Saturday, March 22, 2008

Thoughts on Nebula Nominees 2008: Short Stories

Given that the Hugo Nominations are out, I figure I should get back on to writing about the Nebula Nominees. I have three novellas to read, but I have finished the Novelettes and the Short Stories. I’m not sure how far I will get on the Novels.

Short Stories
"Unique Chicken Goes In Reverse," by Andy Duncan
"Always," by Karen Joy Fowler
"Titanium Mike Saves the Day," by David D. Levine
"The Story of Love," by Vera Nazarian
"Captive Girl," by Jennifer Pelland
"Pride," by Mary Turzillo


There are some good shorts here in this list of nominees. I rather like Andy Duncan’s “Unique Chicken Goes in Reverse” from Eclipse One. It’s a story of a priest visiting a family whose young daughter has a chicken named Jesus Christ which she believes has miraculous powers. I found the story to have a much softer feel to it than I had anticipated given the title. The ending, as such, is a bit of an anti-climax, but the whole concept of the story is so fascinating that I’m happy to have read it.

Not so with Vera Nazarian’s “The Story of Love”. I wanted to quit the story by the second page, but I persevered. It’s a short story and it is nominated for the Nebula. Surely it is worth continuing. Not so, I say, not so. An unloved daughter finds love and learns to love after having been traded in marriage for a dowry (as happens / happened in “olden days”). There’s redemption, and I think some readers will be enraptured by Nazarian’s prose. Not I, said the not at all self conscious reviewer.

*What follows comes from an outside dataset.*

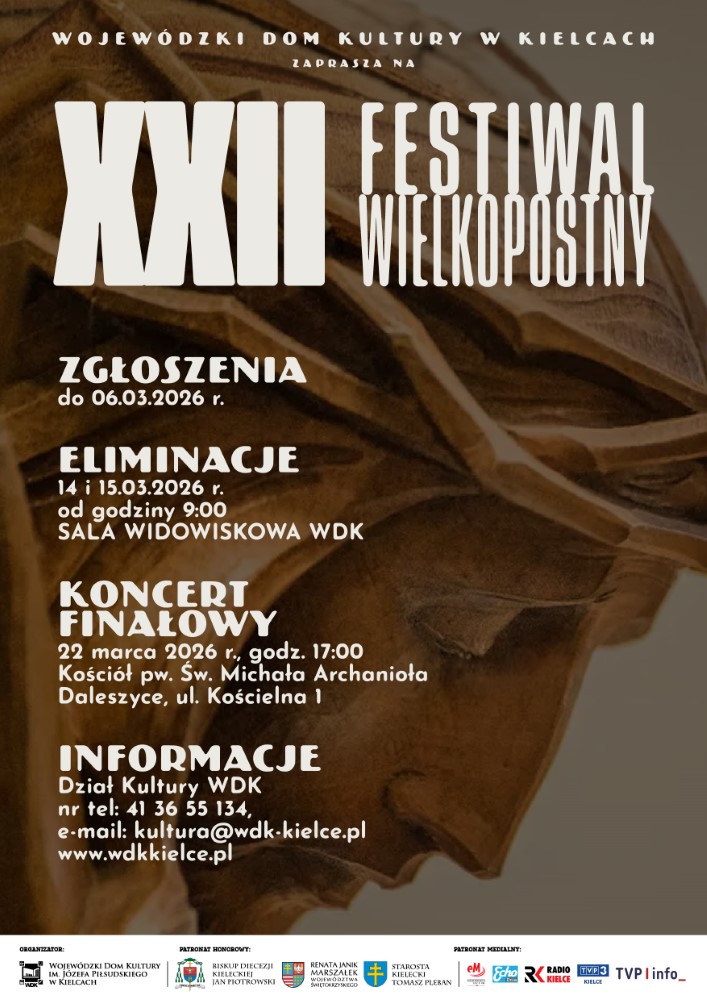 Plakat 22. Festiwal Wielkopostny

Not I.

“Always” by Karen Joy Fowler is not at all what one might expect, though this is my first experience reading Fowler, so maybe I’m wrong. The story features a girl joining a cult promising immortality, but it is a very thoughtful story and while it could be read as a cautionary tale, I don’t think that’s it. It’s been quite a while since I last read “Always”, and it isn’t a story which has stuck with me, but it’s a good story.

Mary Turzillo’s “Pride” is from the outstanding anthology Fast Forward 1 (edited by Lou Anders). Excellent story, as is most everything out of Fast Forward. We’ve got a guy stealing a kitten out of a laboratory which tests animals, only to discover than the kitten will grow much larger than your average cat. Much. The story focuses on Kevin’s attempts to raise the animal and keep it protected from the authorities while eventually protecting his family from the animal. It’s a big cat. Such an interesting story. Yeah, that’s an overused word “interesting”, but “Pride” is a story I’m glad I read and one I wanted to keep reading after it was done.

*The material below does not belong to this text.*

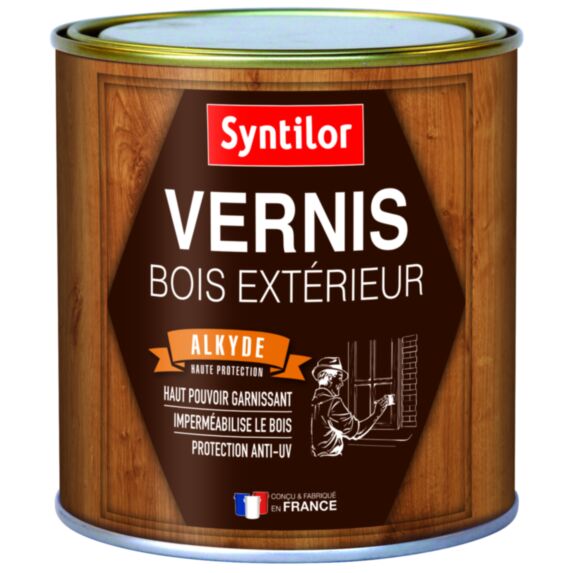 Vernis bois extérieur 0.25L teinte chêne doré brillant - SYNTILOR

I admit to a certain fondess for David Levine’s “Titanium Mike Saves the Day”. It’s a story about stories and telling stories, which normally makes my ass itch. But “Titanium Mike” is written so that there is a legend of a guy named Titanium Mike who helped out spacefarers in various outlandish ways and each time the Titanium Mike story is told it is to break the ice or relax a situation and get results done, because that’s what Titanium Mike does. Only, here, in “Titanium Mike Saves the Day” the story is broken up so that each time the story is told, the next section of the story is an earlier version of the story until finally Levine reveals the origin of the Titanium Mike myth, and it is so much more and less than what the story has grown to be. It’s a wonderful little story, something I could easily imagine Mike Resnick having written (this is praise, thank you).

But my favorite Nebula Nominated Short Story, and the one I hope picks up a win is Jennifer Pelland’s “Captive Girl”. This is a heartbreaking vision of the future where out planetary defenses are manned by three women who have been physically stripped of much of their humanity in order to protect Earth. “Captive Girl” is a love story between one of the three women and one of her caretakers, but it is a painful one. It is a beautiful one. “Captive Girl” was the one story which really moved me in an authentic way. It is a brutal, tough story, but one which also made me want to find more from Pelland and look forward with eagerness to her first short story collection Unwelcome Bodies. This is the story I want to see win the Nebula for Best Short Story.

Outside of my desire to see Jennifer Pelland’s story win, I have no sense on how the Nebula voters might go here. I haven’t been following the Nebulas over a period of years and so have no feel for that sort of thing.


Previous Thoughts:
Novelettes

1 comment:

  1. Thank you for your kind words on my story. If only you were a Nebula voter!